Dash is starting to see rapid growth and adoption in Colombia since there are now a total of 96 merchants and they recently gained 54 merchants the last time George Donnelly, Coordinator of Dash Colombia, updated the count in DiscoverDash.
Dash Force News talked with George about Dash’s growth in Colombia and why Colombians love Dash so much and what is driving adoption.
“There are a few different things. People just appreciate the simplicity of having their money on their phone and paying instantaneously. Merchants like that we bring them new customers when we do a giveaway. They also like having an option outside the heavy-regulated and -taxed financial sector”
George further expanded on how Dash grants Colombians more financial and monetary freedom.
“Dash is enabling Colombians to transact value without speed bumps, anywhere, anytime, using the phones they already have, to earn new income, start new businesses and discover new business opportunities, outside the watchful, taxing eye of the government.”
George further explained how consumers enjoy the “convenience of having their money on their phone, as they don’t have to worry about being robbed, or about merchants not having change for large bills.” He also highlighted the ease of which it is to use Dash just amazes consumers and how Dash is providing Colombians with solution to their own problems.

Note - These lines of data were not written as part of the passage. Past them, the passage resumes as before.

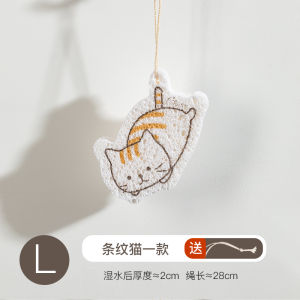 Bàn Chải Rửa Bát Ma Thuật Magic Sponge Kitchen Nano Wood Pulp Brush Bàn Chải Rửa Nồi Thần Kỳ Bàn Chải Rửa Bát Magic Sponge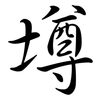 壿: Semi-Kursivschrift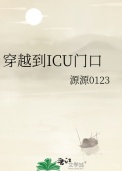 穿越到ICU门口封面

Colombian Dash adoption has its own set of unique attributes
Dash has seen a lot of success in Venezuela, which at first might make Dash’s success in Colombia appear to be spillover, but is actually due to some unique strategy. George explained to Dash Force News how they “rapidly realized that the meetup/conference strategy was not going to work” in Colombia like it does in Venezuela. George elaborated that the meetup and conference strategy is “just too expensive and takes people out of their everyday commercial relationships (whereas [they have] weave[d] Dash into existing commercial relationships and commercial environments by having events at the places of business of [these] merchants)”. George emphasized that the “Venezuelan influence [in Colombia] is mostly inspiration”, but they might add some conferences down they road once they start getting wider adoption, but believe that it is too early for the conference system in Colombia.
Their expansion plans over the immediate next few months are to “continue working [their] street-level strategy because that is how [to] meet people where they are and position Dash into people’s everyday lives”. This allows them to leverage their main pitch to merchants.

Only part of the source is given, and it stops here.